Here the rapper collaborates with another established MC in an effort to make fans of the featured MC also buy this record.  The reasons this guest is selected can vary from being from the same area (Fat Joe and KRS-ONE), bringing an old school legend together with a new guy that has been referred to as “the next ________” (Nas and Kool G Rap) or just the fact that the featured MC is Lil’ Wayne.  In the best case scenario this results in a monster song of epic proportions that will be talked about for years to come (Jay-Z and Biggie on “Brooklyn’s Finest”).  At the other end of the spectrum the rapper is exposed for being inferior to the guest and “murdered on his own shit” (damn near any collaboration with Eminem from ’99 to ’02 excluding “Renegade”). 


 The rapper will espouse the virtues of substance abuse.  The substances in question can be marijuana, alcohol or cough syrup, that’s it, no other drugs can be mentioned regardless how obvious it is that the MC is using much harder substances (DMX or anyone that has ever associated with the Hot Boys).  The artist will explain in detail how much he likes the substance, how much he does (usually enough to kill 10 grown men) and how he will not stop abusing it regardless of societal norms or the consequences said abuse will cause him or his family.  


Over a porno-inspired beat the rapper explains in detail his sexual exploits with various groupies, hood rats, jump-offs, etc.  There is usually a mention of the Energizer Bunny and the size of the young women’s asses that are involved in these intense and barely legal trysts. 


About 5 or 6 songs into the album the rapper usually loses steam and takes up 4 or 5 songs with cheap beats by up-and-coming producers and guest verses by guys he grew up with.  Every once in a while there is a gem in here, but for the most part it is fast-forward material and most of the guests are never heard from again. One of the best features of digital music is the ability to never hear one of these half-assed efforts again.

THE “Back in the Day” SONG

Here the rapper will utilize an easily recognizable sample that will remind the listener of their own youth while he weaves tales of hanging with his crew, cutting school, selling low-level narcotics and other accounts of criminal mischief.  He will also try to convince his listeners that it was somehow better to be broke on the block than living the lavish hip-hop star lifestyle…the less intelligent members of his fan base will actually believe this.  


This will have a soulful beat and may or may not feature an R&B singer that is usually of better quality than the one used on the FIRST SINGLE/CLUB SONG (Mary J. Blige or Jaheim). The theme of this song is that even though this guy got busy with 100’s of women that all had enormous asses he is finally ready to settle down with one special lady.  Any “special lady” that believes this is dumb and clearly not marriage material. 

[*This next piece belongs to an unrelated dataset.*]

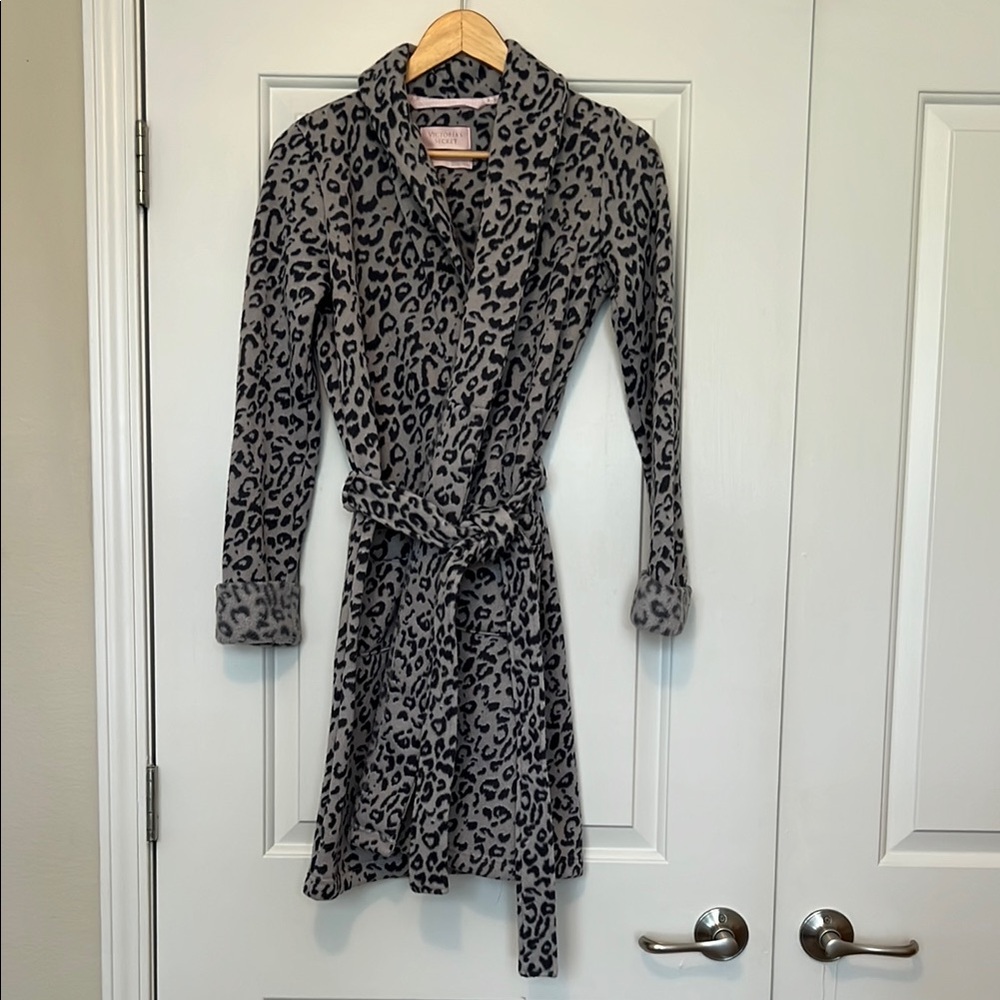 Victoria's Secret Cozy Gray Leopard Print Robe Mid-Length Tie waist VS Size XS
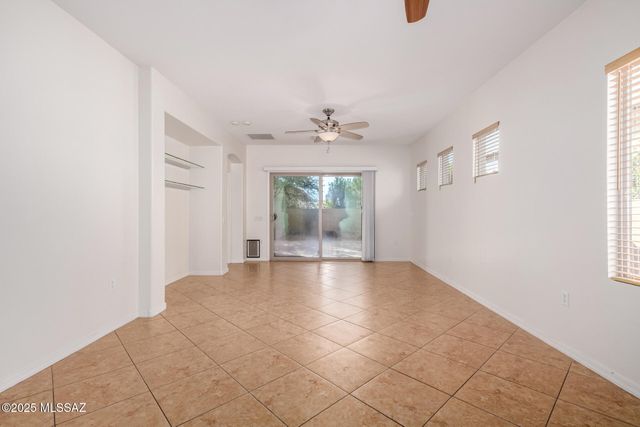 275 W Calle Moncayo, Sahuarita, AZ 85629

Towards the end of this masterpiece the rapper will most likely take back everything he said for the last 55 min. and end with a song that is either a look into his soul, an affirmation that the youth can do whatever they can dream or a lament about the sorry state of the world.  This will usually sample a recognizable R&B song and range from awesome (Jadakiss’s “Why?”) to laughable (CNN’s “Closer’).  This will also inevitably include the phrase “only god can judge me” to highlight the MC’s tortured soul and may utilize the voices of young children on the chorus, intro or outro to further tug on the heartstrings.  


Rappers use this made-up word to signify a minute or two at the end of the CD where he will remind you how great he is and remind you to keep an eye out for his clothing-line, reality show or next artist coming out on his label.


If the artist is lucky enough to have a song classified as “A Problem” before the album drops the label will throw together this collection of other MC’s on the beat and tack it onto the end of the album.  This will contain the original artist, Busta Rhymes and 3 other guys that are hot right now.  

Strict adherence to this formula will result in heavy rotation on Hot 97, an appearance on MTV Cribs and at least one night with Kim Kardashian.